Category Archives: Database

Database Theory, SQL coding.

Why I’ve come to love functional programming

Recently I have been starting to learn Node.js and inadvertently changed my opinion of functional programming VS Object Oriented programming. During my work on supporting legacy Coldfusion sites I stumbled across some code that forms the basis of this comparison of functional programming VS Object Oriented programming. (PS if you want a good introduction to the differences look on over to: http://steve-yegge.blogspot.com/2006/03/execution-in-kingdom-of-nouns.html).

This particular example will be Coldfusion and Pseudo-javascript (or coffeescript) and focuses around a multi-keyword search on 3 columns on 2 tables. Our tables are as follows:

Table Name: Jedi
With Columns: Name, Planet, Lightsaber_Colour.

Table Name: Sith
With Columns: Name, Catch_Phrase, Teacher.
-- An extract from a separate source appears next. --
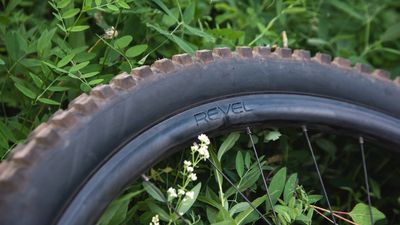 Revel's new FusionFiber trail/enduro RW30 wheelset is now wider, stronger, and more compliant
First of all we will define a master function, and a convenience function for searching each of the tables, we do this for an attempt at reusability. We’ll call this main search function “galacticSearch” which will return a SQL string and take the arguments: Keyword (required, string), table (required, string) and andFlag (optional, boolean, defaults to true). The andFlag determines whether our search will return with all the keywords or any of the keywords (AND and OR searches respectively). The SQL returned will be less than perfect as really we should use something more forgiving and inclusive than the ‘=’ operator, for example in MSSQL name LIKE “%#ListGetAt(arguments.keywords, i, ‘ ‘)#%”. Also the params should be using cfqueryparam etc etc, it’s not perfect code but it doesn’t have to be production code for illustration purposes!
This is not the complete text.